------ The data ------

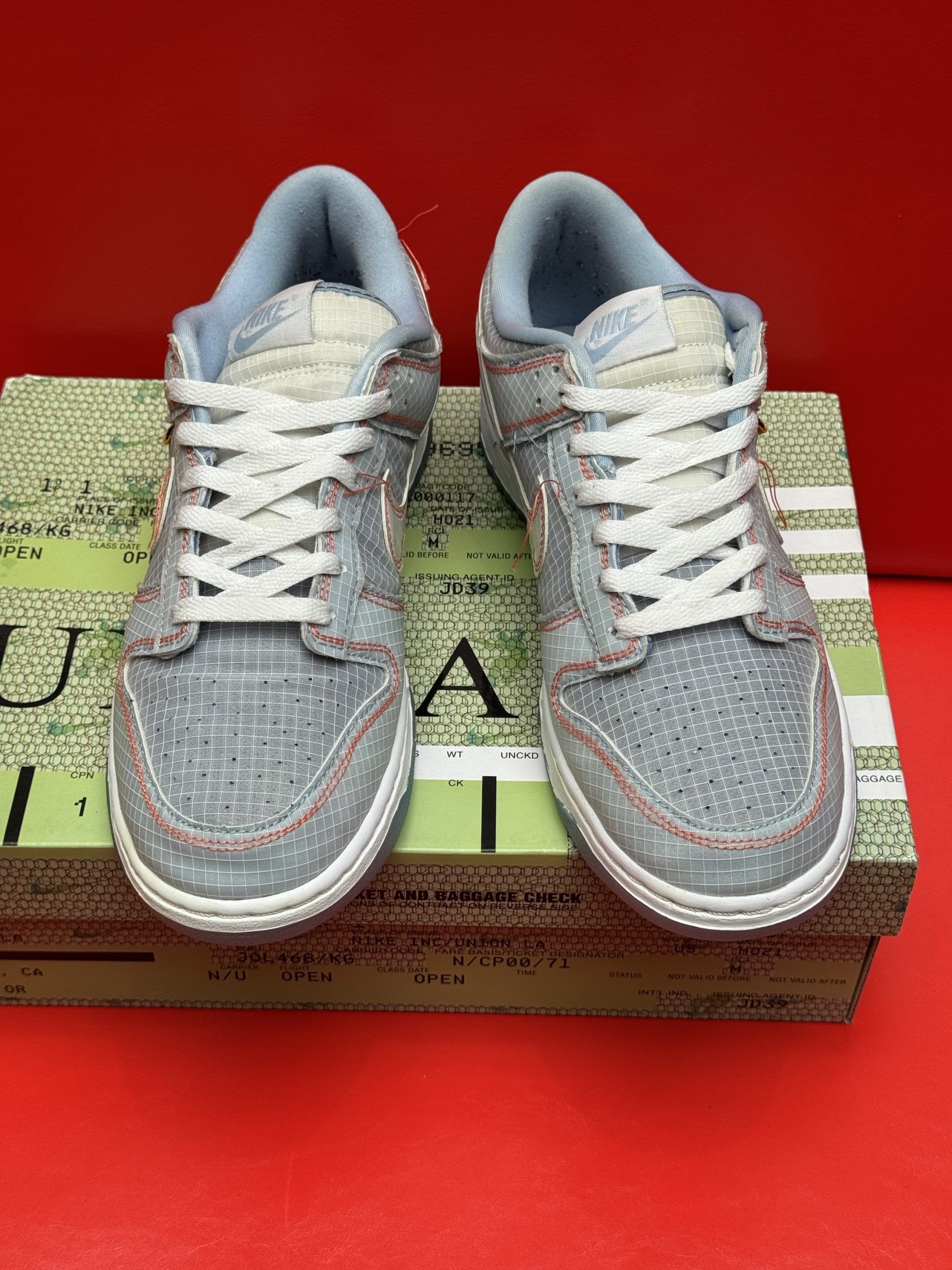 Blue and beige Nike Dunk Low sneakers with white laces on a box, red background.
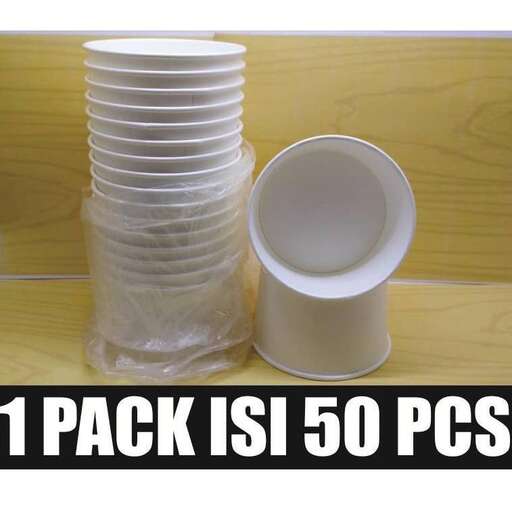 a stack of cups and a cup on a table.
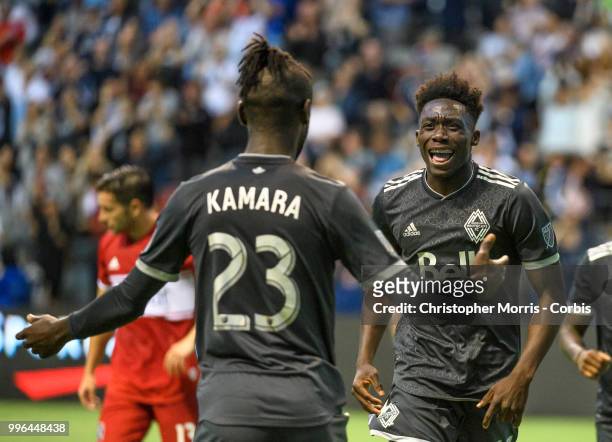 Kei Kamara of the Vancouver Whitecaps FC is congratulated by Alphonso Davies of the Vancouver Whitecaps FC after his goal against the the Chicago...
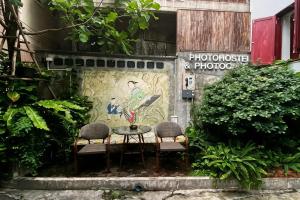 two chairs and a table in front of a wall at Photohostel in Bangkok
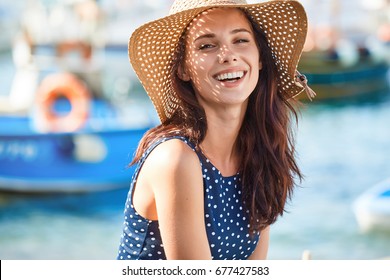 Portrait Of A Beautiful Woman In A Straw Hat. Laughing Girl. Summer Time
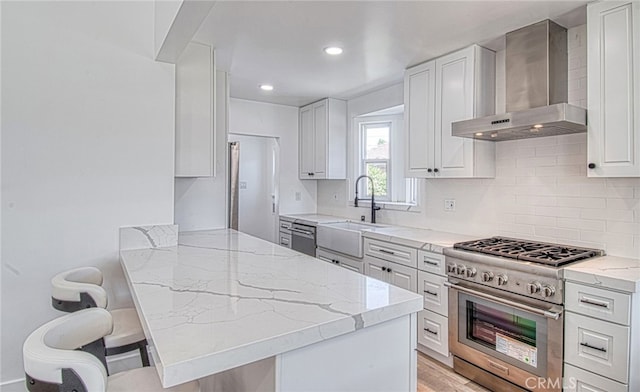 kitchen featuring white cabinets, wall chimney exhaust hood, stainless steel stove, and a breakfast bar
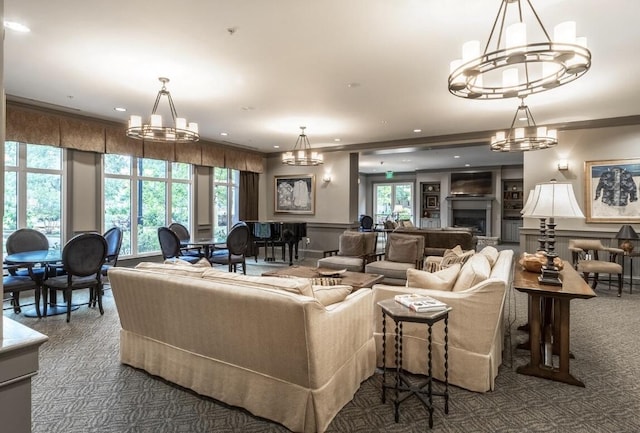 carpeted living room featuring a notable chandelier and built in features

------

Problem to solve: Repeat each entry precisely as it appears. Leave the pictures out.

Task response:
 Blue and beige Nike Dunk Low sneakers with white laces on a box, red background.
 a stack of cups and a cup on a table.
 Kei Kamara of the Vancouver Whitecaps FC is congratulated by Alphonso Davies of the Vancouver Whitecaps FC after his goal against the the Chicago...
 two chairs and a table in front of a wall at Photohostel in Bangkok
 Portrait Of A Beautiful Woman In A Straw Hat. Laughing Girl. Summer Time
 kitchen featuring white cabinets, wall chimney exhaust hood, stainless steel stove, and a breakfast bar
 carpeted living room featuring a notable chandelier and built in features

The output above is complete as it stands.